> DATA SHOWN

* * *

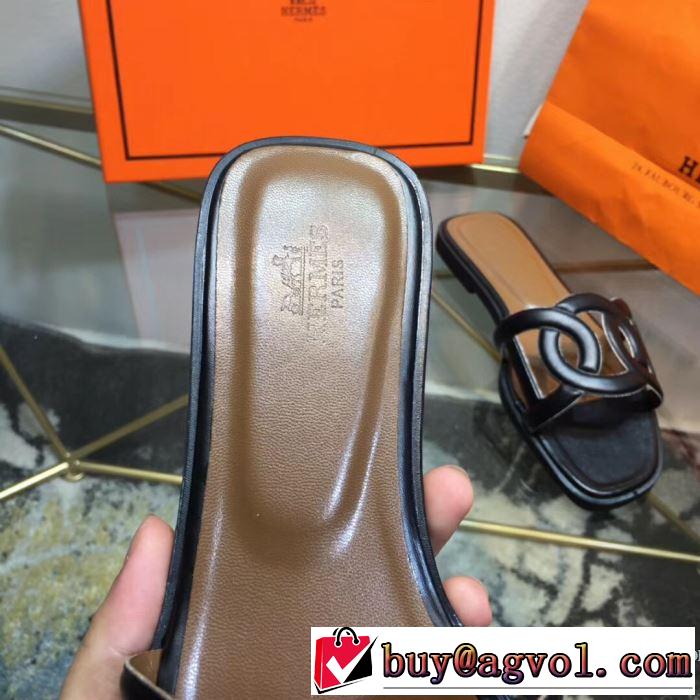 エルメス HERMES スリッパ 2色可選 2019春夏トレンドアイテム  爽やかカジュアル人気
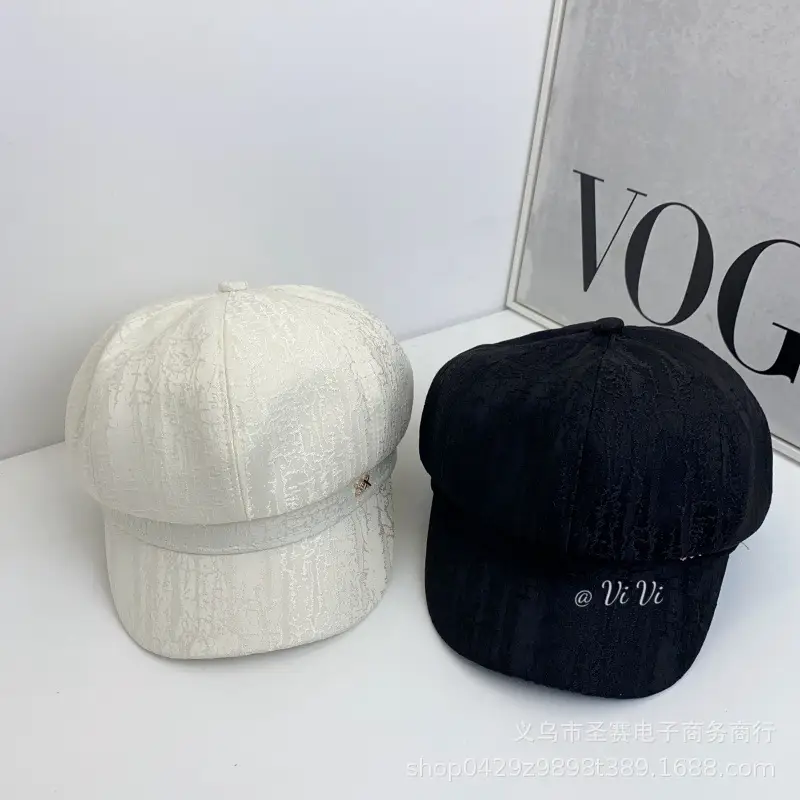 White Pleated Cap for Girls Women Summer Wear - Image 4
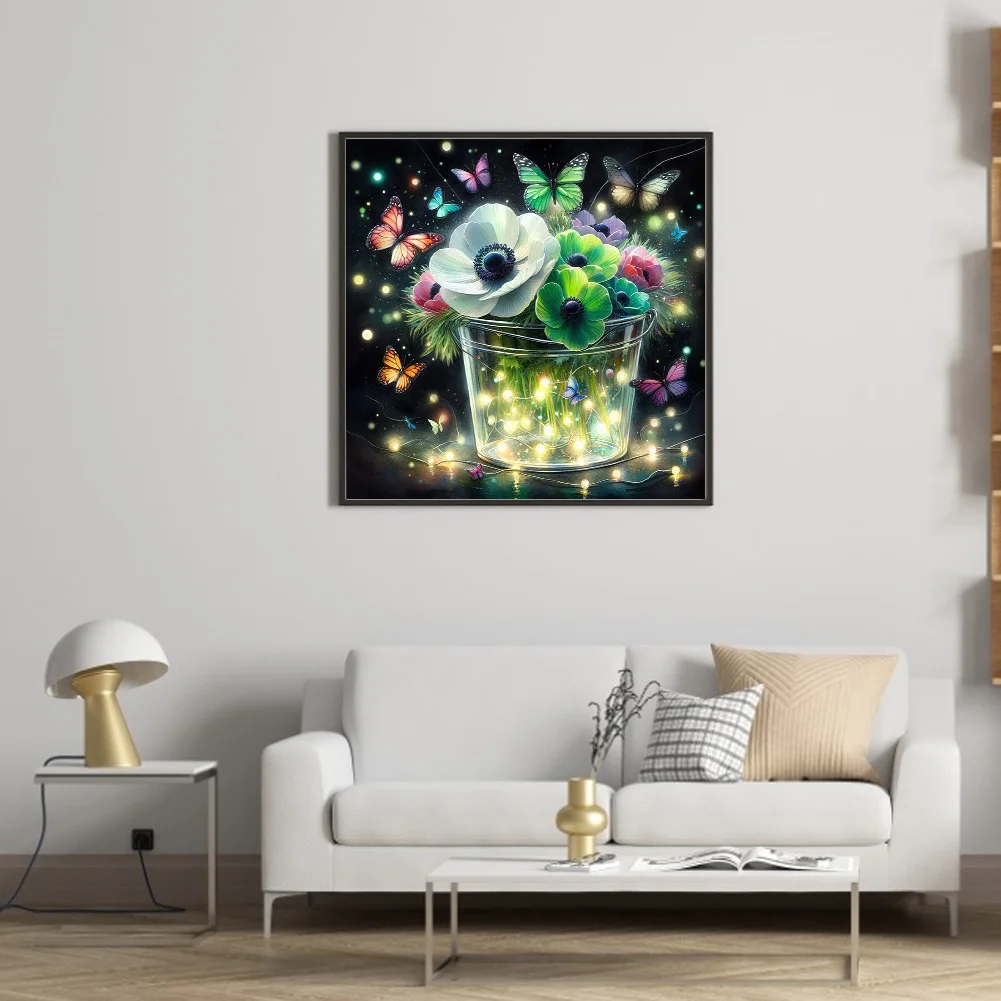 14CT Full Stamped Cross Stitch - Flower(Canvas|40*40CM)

* * *

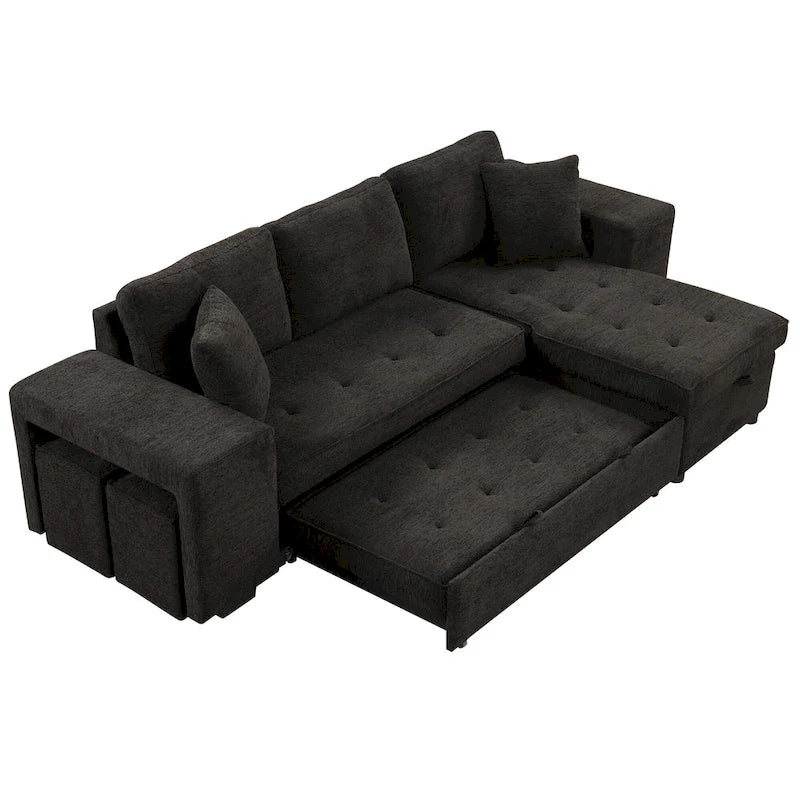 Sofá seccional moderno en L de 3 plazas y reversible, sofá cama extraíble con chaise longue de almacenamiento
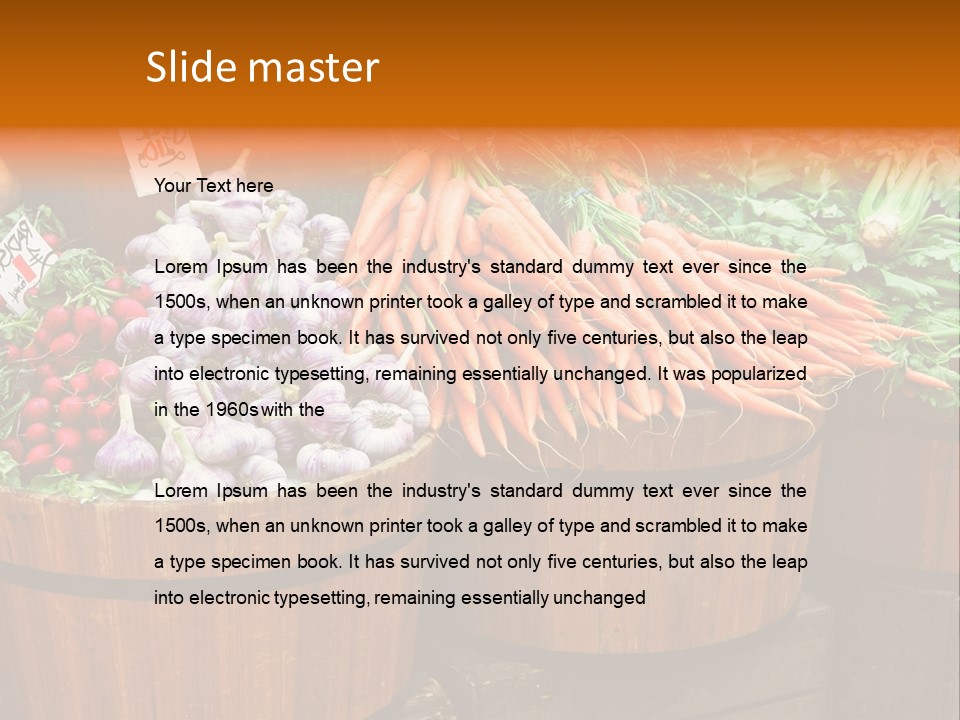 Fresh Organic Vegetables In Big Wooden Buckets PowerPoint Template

* * *

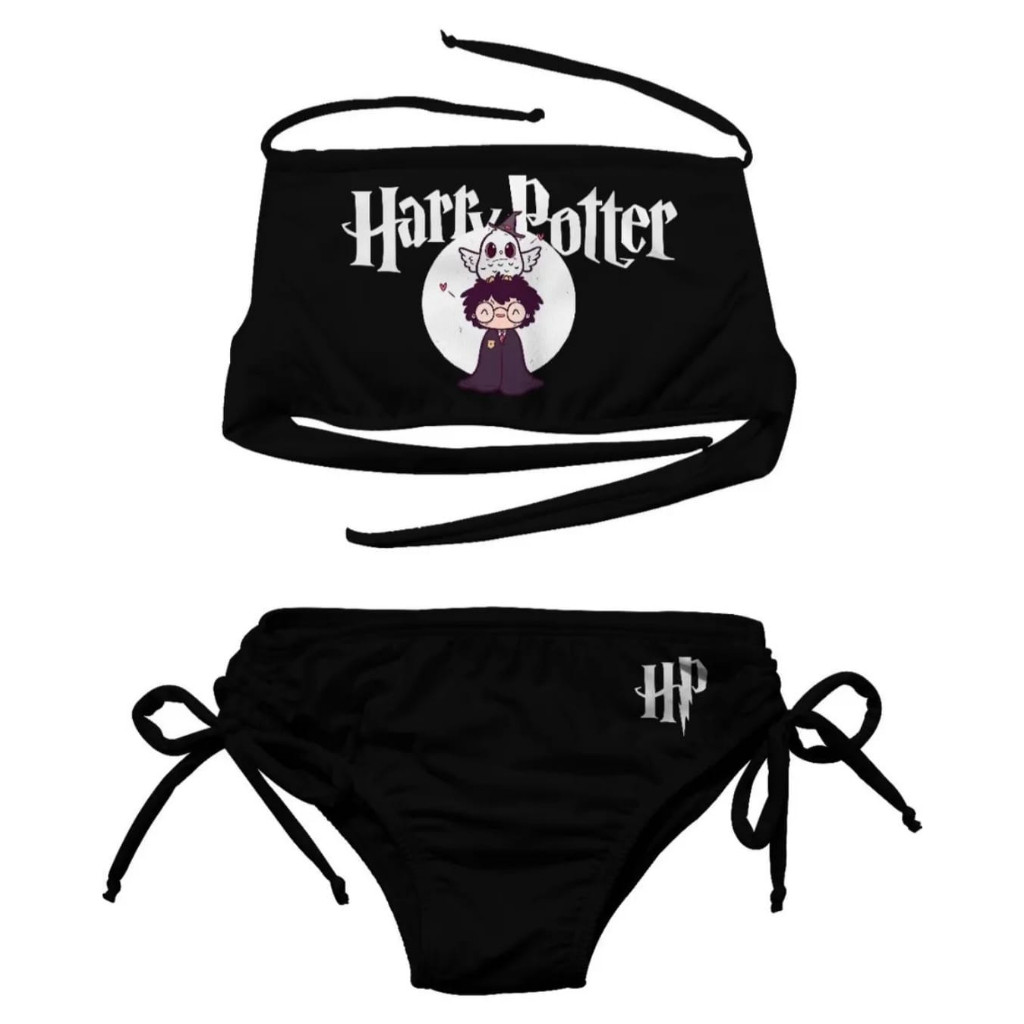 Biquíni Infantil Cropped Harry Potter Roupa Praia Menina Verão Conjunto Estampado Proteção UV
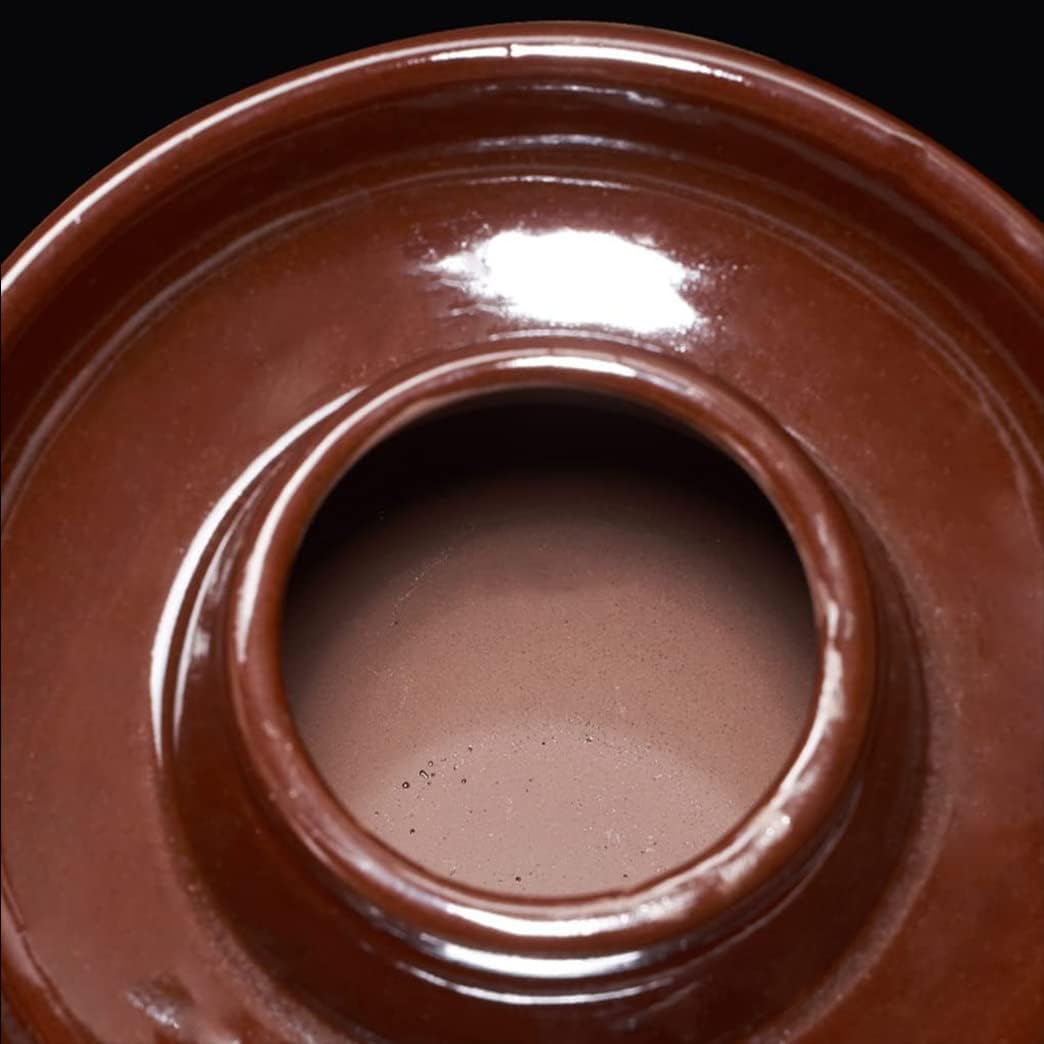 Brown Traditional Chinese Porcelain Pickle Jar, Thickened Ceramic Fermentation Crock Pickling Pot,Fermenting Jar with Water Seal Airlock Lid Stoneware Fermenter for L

* * *

> YOUR TASK
Taking the entries above, copy word for word the lines from the one with "Sofá seccional moderno" up to and including the one with "Fresh Organic Vegetables", without any picture.

> PROBLEM SOLUTION
 Sofá seccional moderno en L de 3 plazas y reversible, sofá cama extraíble con chaise longue de almacenamiento
 Fresh Organic Vegetables In Big Wooden Buckets PowerPoint Template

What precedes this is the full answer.